[SUPPLIED DATA — start]

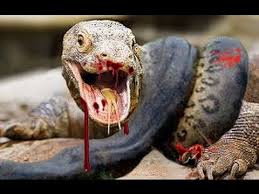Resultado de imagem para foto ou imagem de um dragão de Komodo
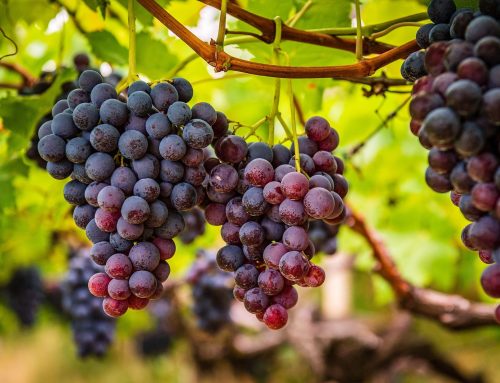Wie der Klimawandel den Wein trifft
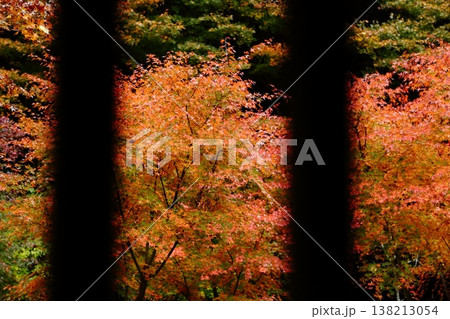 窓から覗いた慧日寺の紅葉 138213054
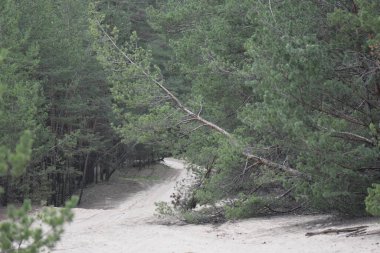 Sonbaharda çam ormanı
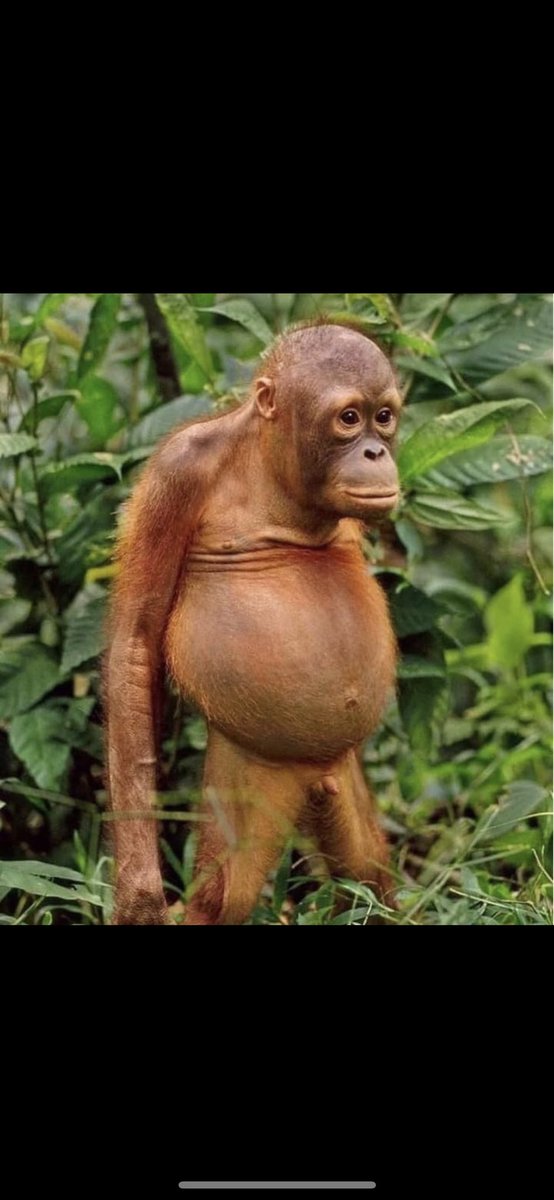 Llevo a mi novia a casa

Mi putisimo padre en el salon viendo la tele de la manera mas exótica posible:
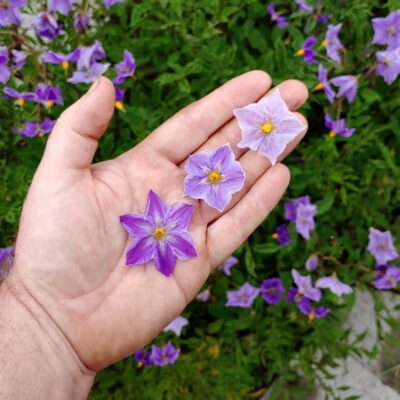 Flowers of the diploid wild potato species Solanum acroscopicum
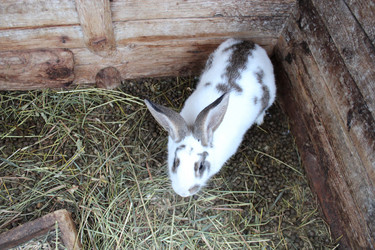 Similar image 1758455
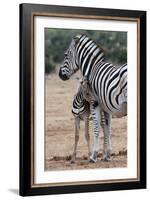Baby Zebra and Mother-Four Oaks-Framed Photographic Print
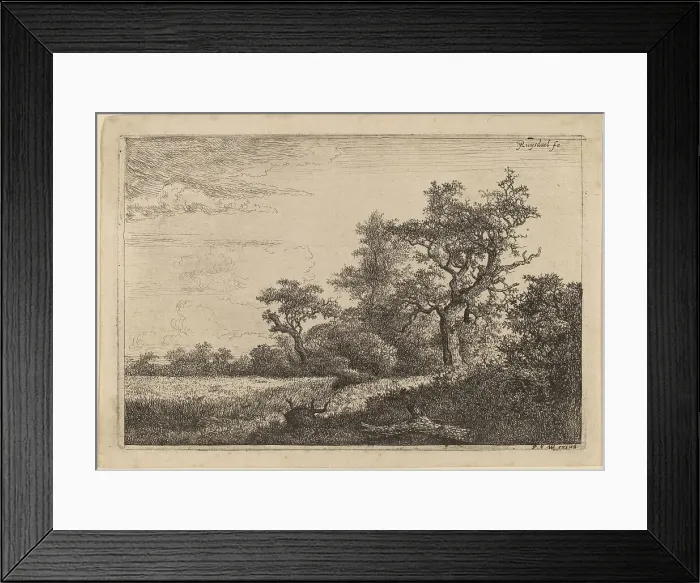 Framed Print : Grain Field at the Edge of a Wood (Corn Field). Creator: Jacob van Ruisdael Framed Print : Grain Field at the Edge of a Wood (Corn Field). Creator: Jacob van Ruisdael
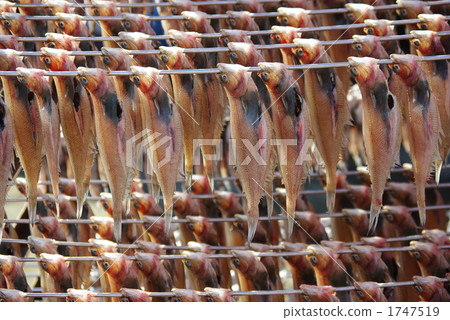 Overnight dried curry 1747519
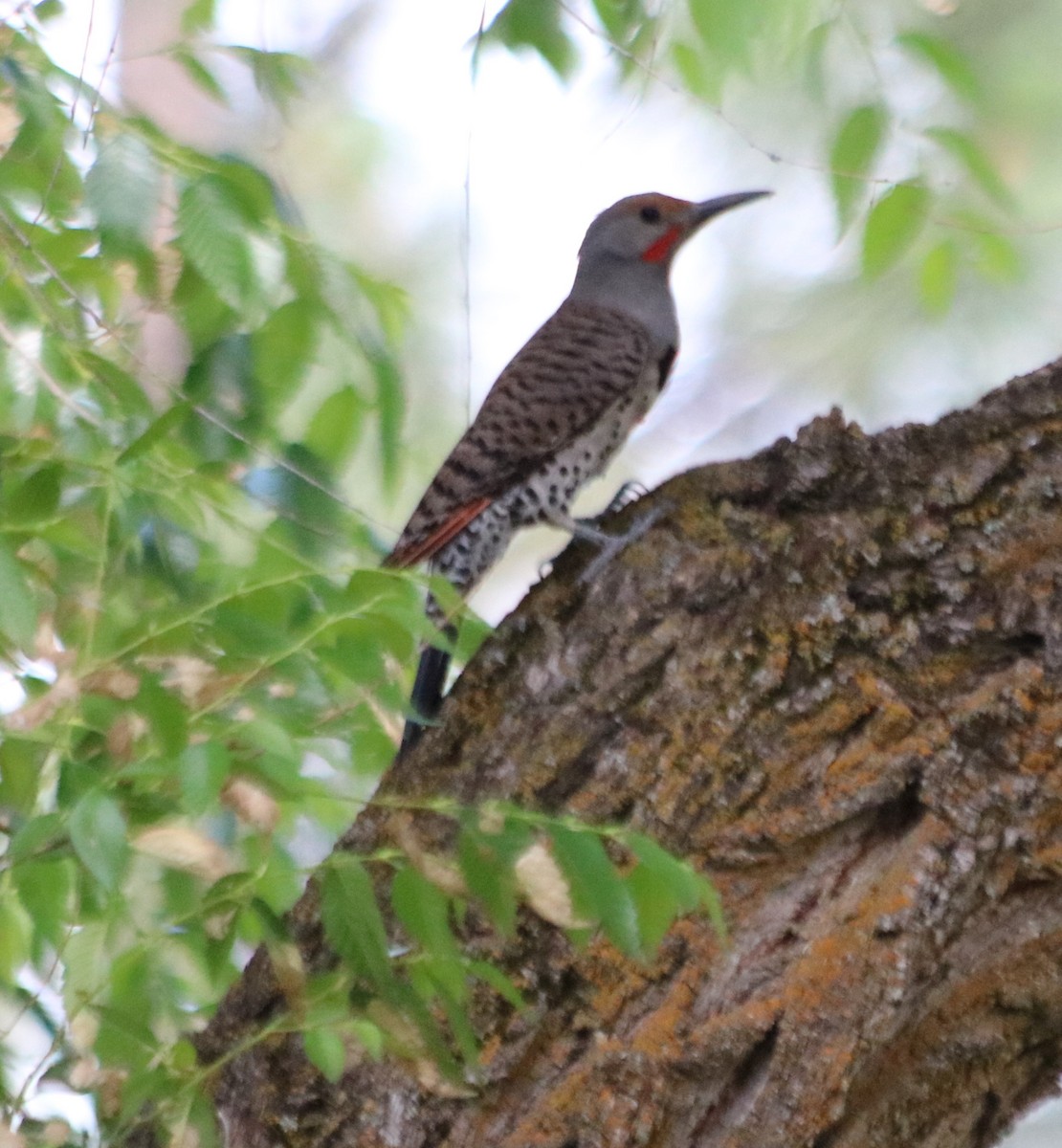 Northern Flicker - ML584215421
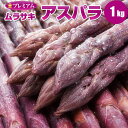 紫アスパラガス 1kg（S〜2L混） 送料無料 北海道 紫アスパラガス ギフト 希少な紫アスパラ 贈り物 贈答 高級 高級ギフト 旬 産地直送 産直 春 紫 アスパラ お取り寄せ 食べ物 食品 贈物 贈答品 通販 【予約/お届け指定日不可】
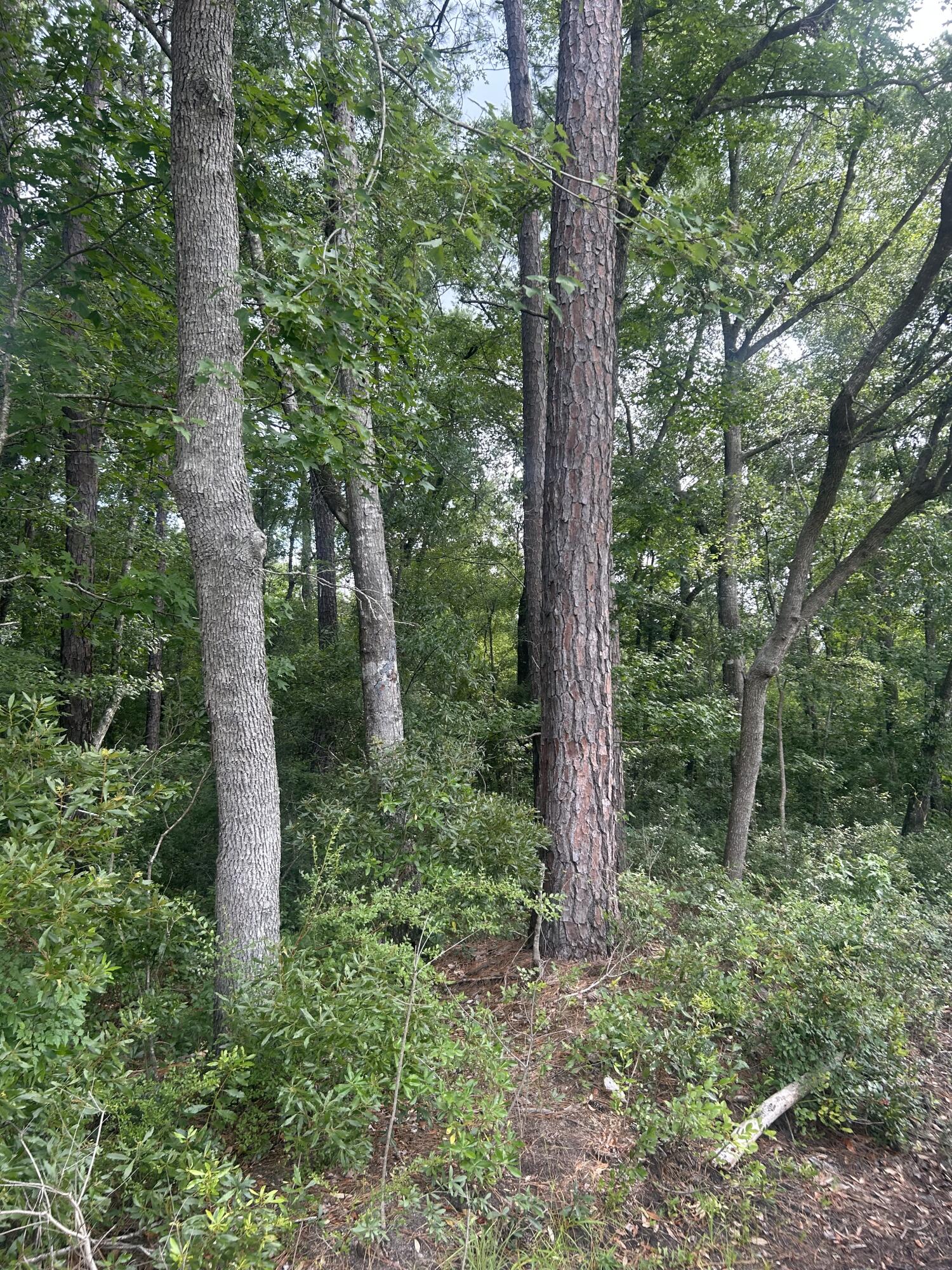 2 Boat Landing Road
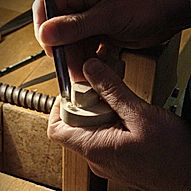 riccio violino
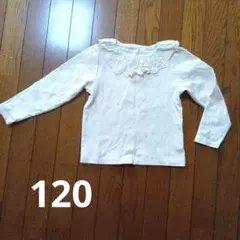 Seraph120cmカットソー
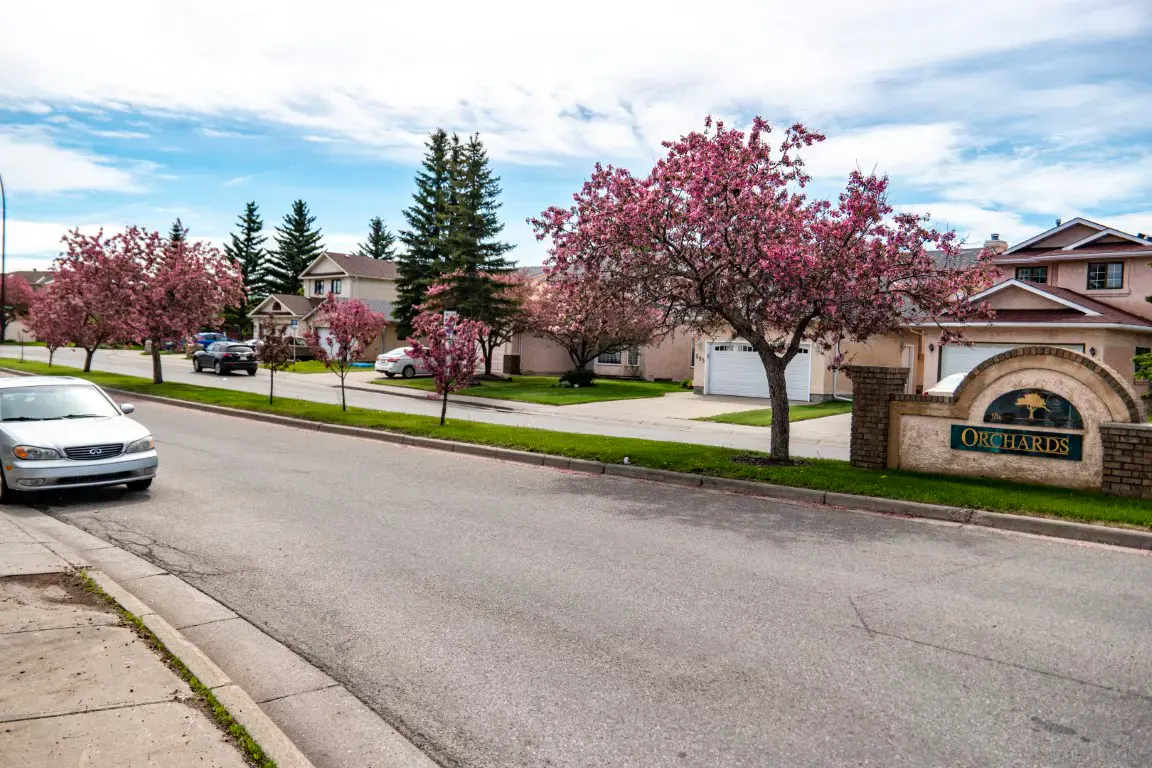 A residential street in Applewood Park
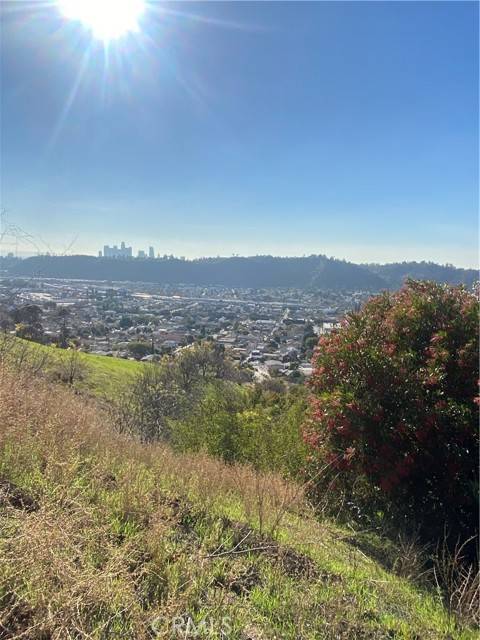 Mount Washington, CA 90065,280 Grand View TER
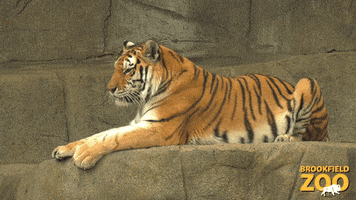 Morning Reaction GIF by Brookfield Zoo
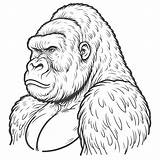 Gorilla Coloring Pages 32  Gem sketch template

[SUPPLIED DATA — finish]

■ EXERCISE BRIEF
The required output is the lines from the one containing "Mount Washington, CA" through the end of the data, printed exactly, with no pictures.

■ RESULT FOR THIS TASK
 Mount Washington, CA 90065,280 Grand View TER
 Morning Reaction GIF by Brookfield Zoo
 Gorilla Coloring Pages 32  Gem sketch template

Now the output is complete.